Syndicat des Compagnies AéRiennes Autonomes
Double peine pour les compagnies aériennes

Cette somme sera majorée des intérêts et des frais de gestion réclamés par l'État.

Le DGAC en a fait l'annonce le 26 mars, lors de la réunion annuelle de présentation du bilan économique de la fonction sûreté/sécurité des aéroports.

L'État réclame aux compagnies aériennes 550 millions d'euros de dépenses de sûreté/sécurité. Cette somme correspond au déficit en 2020 et 2021 de la taxe d'aéroport, taxe liée au trafic passagers qui a chuté de plus de 70 % à cause de la crise sanitaire.

Il s'agit donc de faire payer aux compagnies aériennes, déjà fortement touchées par la crise, un service de sûreté/sécurité sur des vols non effectués.

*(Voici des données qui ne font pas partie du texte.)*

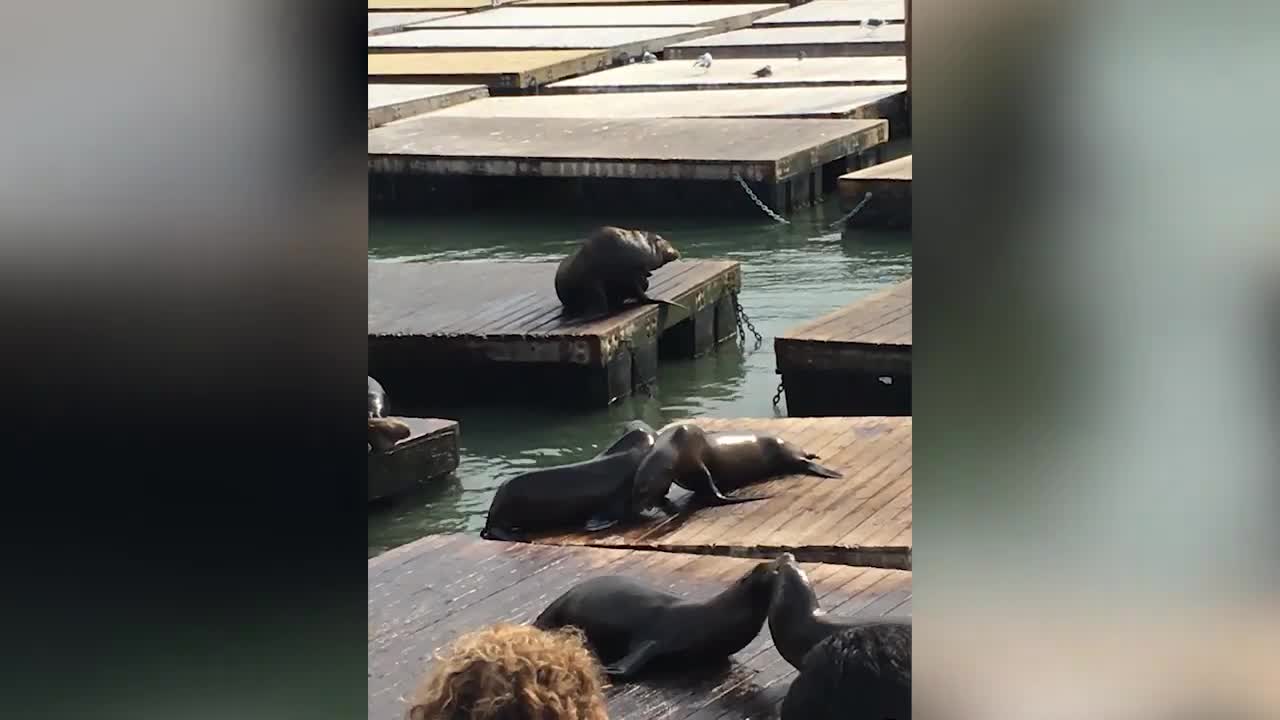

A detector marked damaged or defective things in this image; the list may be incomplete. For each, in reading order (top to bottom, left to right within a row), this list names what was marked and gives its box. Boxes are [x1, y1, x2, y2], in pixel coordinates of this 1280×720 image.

rusty metal chain [732, 171, 788, 224]
rusty metal chain [824, 189, 875, 228]
rusty metal chain [732, 289, 757, 348]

Pour rappel, la sûreté/sécurité est une fonction régalienne, qui devrait être prise en charge par l'État.

Le paiement par les compagnies aériennes du déficit de la taxe de sûreté/sécurité sera étalé sur 6 ans à compter de 2024 et majoré d'intérêts financiers et de frais de gestion.

Cette décision contredit la doctrine du « quoi qu'il en coûte » affichée par l'État qui devient « quoi qu'il en coûte aux compagnies aériennes ».

Bonus : les compagnies aériennes ont aussi été informées lors de la réunion du 26 mars, de la décision d'augmenter pour 2021 cette même taxe de sûreté de 5% sur certains aéroports.